*GOAL OF THE EXERCISE:* What is needed is the exact text of each line in the listing below from the one with "rubyxht from CamSoda is Freechat" up to and including the one with "Richardson 8 Microfleece", and no pictures.

BEGIN INFORMATION SHOWN

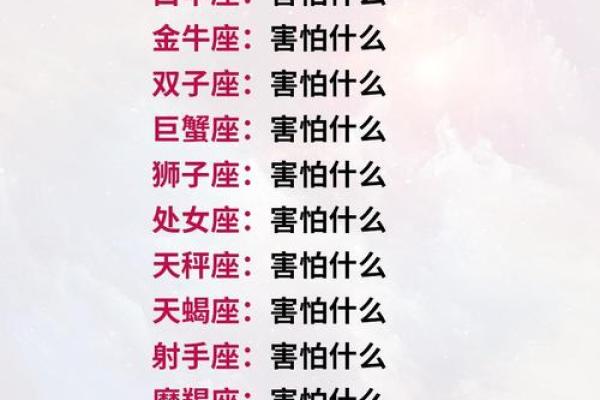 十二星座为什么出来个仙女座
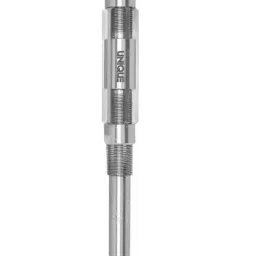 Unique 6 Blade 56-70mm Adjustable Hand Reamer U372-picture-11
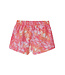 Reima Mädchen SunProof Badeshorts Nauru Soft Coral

END INFORMATION SHOWN
BEGIN INFORMATION SHOWN

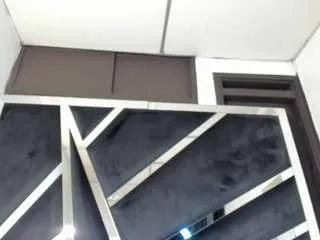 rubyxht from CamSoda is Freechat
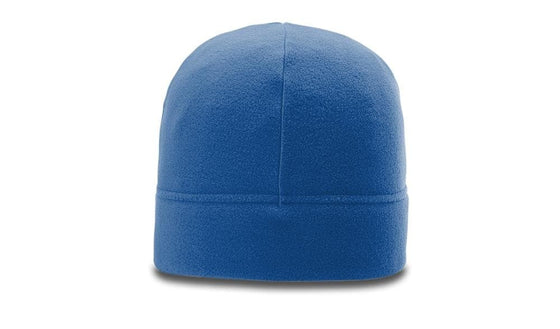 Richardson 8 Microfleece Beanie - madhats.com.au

END INFORMATION SHOWN

*RESULT FOR THIS TASK:*
 rubyxht from CamSoda is Freechat
 Richardson 8 Microfleece Beanie - madhats.com.au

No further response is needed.